The feature request is ready for development. In your role as a solution architect, you get the question from the project requesting the feature to produce a ball-park-figure time estimate. Personally, I am not a big believer of time estimates, but that’s beside this story. As you read the documentation of the feature, you feel there are some things you need to clear out. There are questions to be asked. “After the user has done step 1, but before the system has processed it in process B, should the user be able to do any changes to the input?”. “What happens if process B fails to access the external resources it needs to do its job?”. And so on.

These questions will always need to be asked along the journey from an idea to a piece of software that can be used by actual users. However, more often than not, in my own experience, these questions are not asked until after the requirements and analysis process is considered to be completed. Lots of time has been invested in producing documents outlining the feature, giving background about it, defining the processes and rules of it. And then it’s handed over to the IT organization for development where the more technically experienced persons dig into it, and these questions come up.
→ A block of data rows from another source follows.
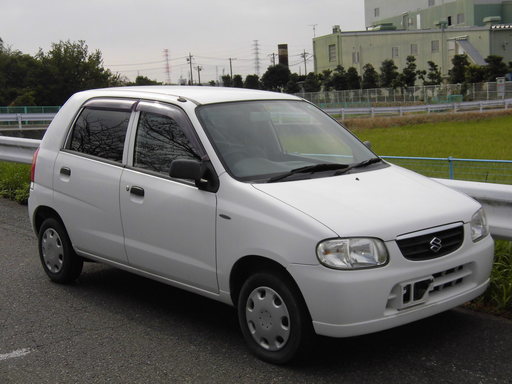 スズキ　アルト 低走行4.4万KM 車検車検整備付2026年(令和8)11月 スズキ アルト 低走行4.4万KM 車検車検整備付2026年(令和8)11月 アルト
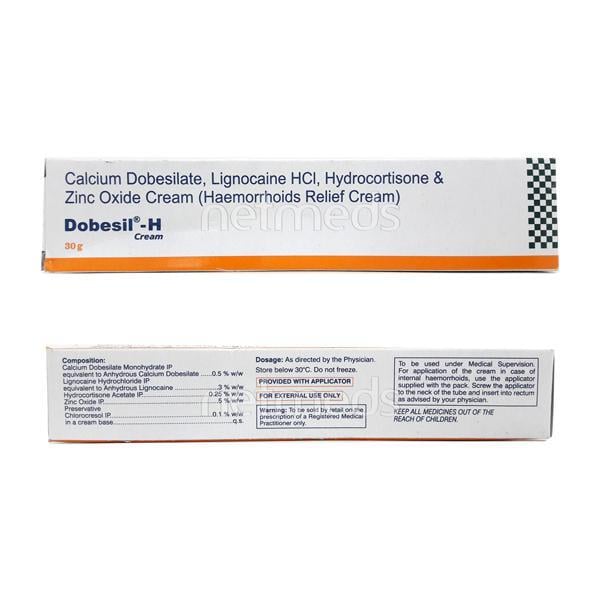 Dobesil H Cream 30gm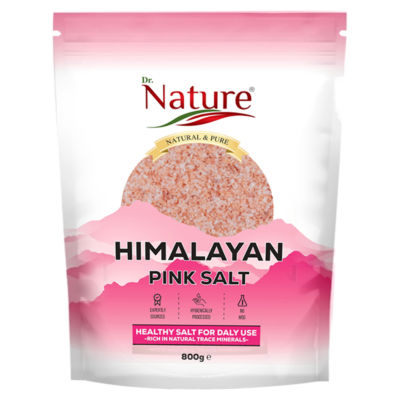 Himalayan Pink Salt 800g thumbnail 2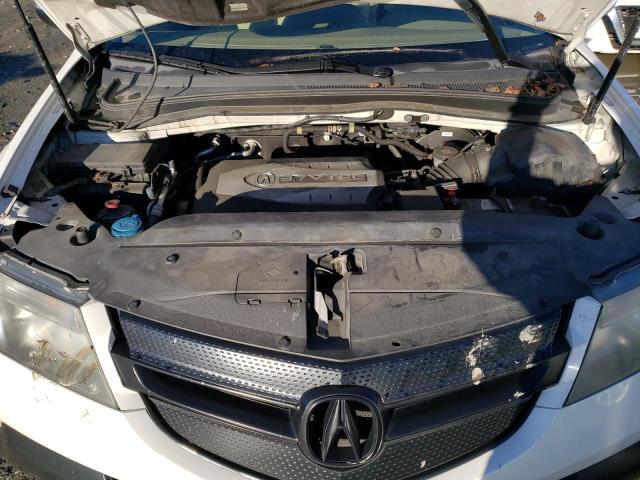 Photo 11 VIN: 2HNYD28439H518665 - ACURA MDX 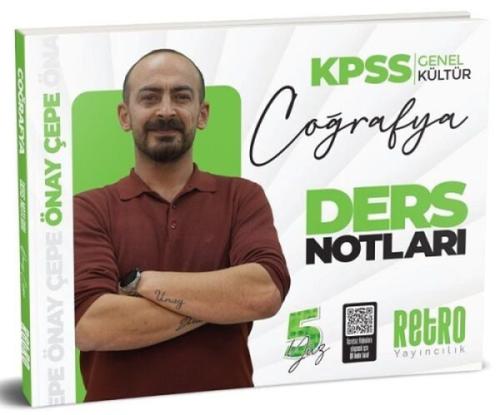 2025 KPSS Genel Kültür Coğrafya Ders Notu | Kitap Ambarı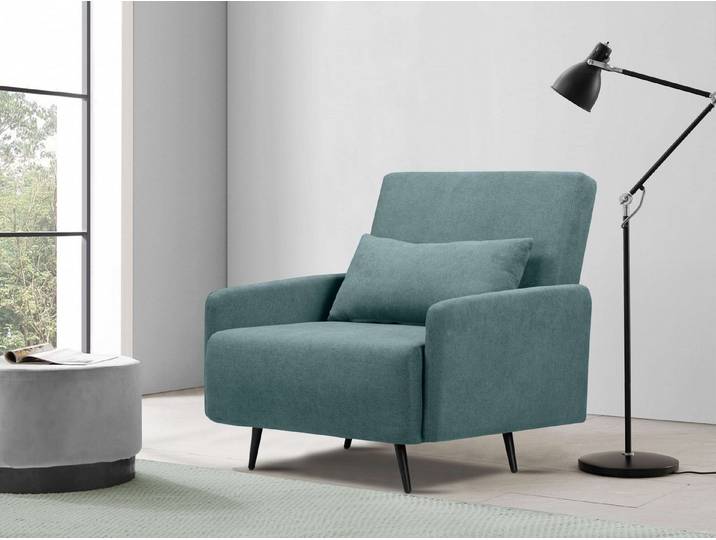 Home affaire Schlafsofa Linnea, Daybed mit aufklappbarer Liegefläche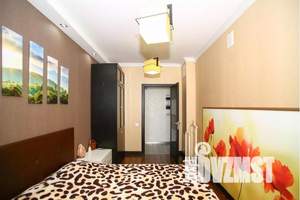 3-к квартира, посуточно, 70м2, 9/9 этаж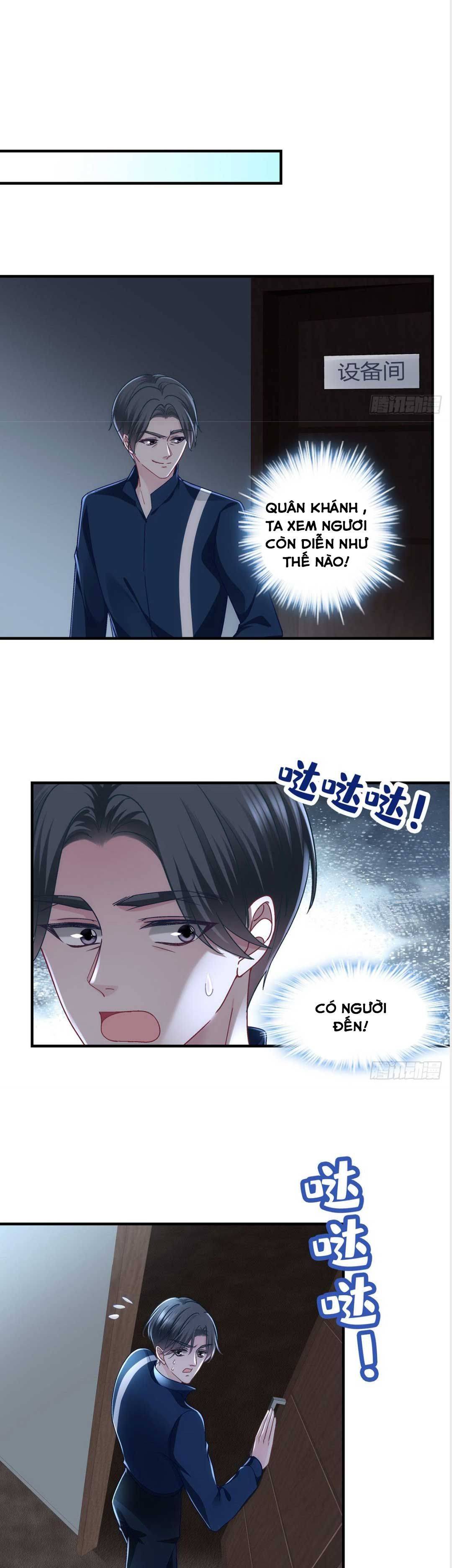 trọng sinh về chinh phục tổng tài chapter 75 18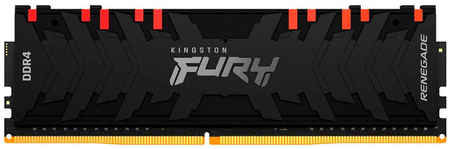 Оперативная память Kingston Fury Renegade RGB 16Gb DDR4 3600MHz (KF436C16RB1A/16) 965844465474657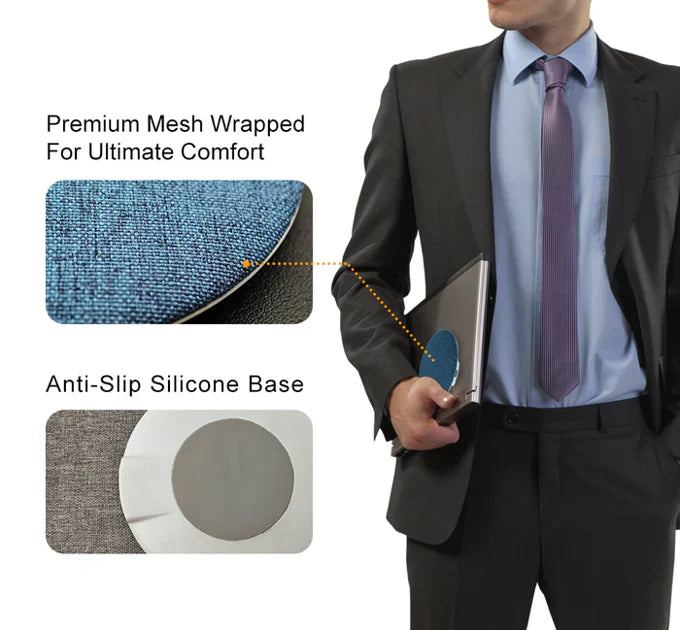 Ultra-Thin 11mm Conduction Sleep Speaker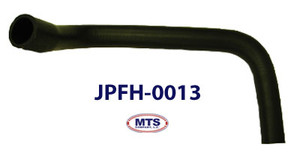 Jeep J-truck late 1979-1987 Fill Hose Townside for Front Fill Tank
This is not strange in any way. I don’t expect a person without software development background, but with deep knowledge about the business domain, to be able to foresee where in the feature that there are technical challenges. That is not their expertise. It’s completely natural that business domain experts don’t include all sorts of technical mishaps that may occur when this feature runs as actual software.

What I do find strange is that many organizations still are divided into “the business side” and “the IT side”. As if they are two different things. Here is the thing: they are not. They are both parts of the same machinery, and they are dependent on each other. It’s a symbiosis, not a unidirectional chain.

If you have a hand-over as part of your working process, chances are that there will be a lot of time wasted around that point in the flow. Business analysts feel that they are ready, and they hand over the feature. The technical folks will look at it and say, “hey, what about….”, and toss it back. Then it goes back and forth over the divide until both sides are happy. Not until then it can move into development.

If we are lucky, the technical challenges that are detected at the hand-over point are small enough they can be ironed out by just getting some clarifications. If we are less lucky, the feature as a whole is designed in a way that makes it more or less impractical to develop at all. That is where the real money wasters are.

What baffles me is that so many organizations still work like this, when the solution is so very simple. Include a technical architect in the analysis phase right from the start. That person will be able to put their finger on potential problem domains from a technical point of view. Hopefully they have an idea about general architectural goals for the organization as a whole, and can help shape the feature to fit into that map, right from the start.

You can think of it as pair programming for feature work. It will most certainly, if not completely remove at least shorten the time spent tossing questions and answers over the business-IT-divide. Perhaps, if you have employed the right persons, the divide will vanish altogether.

Because in reality, there is no divide.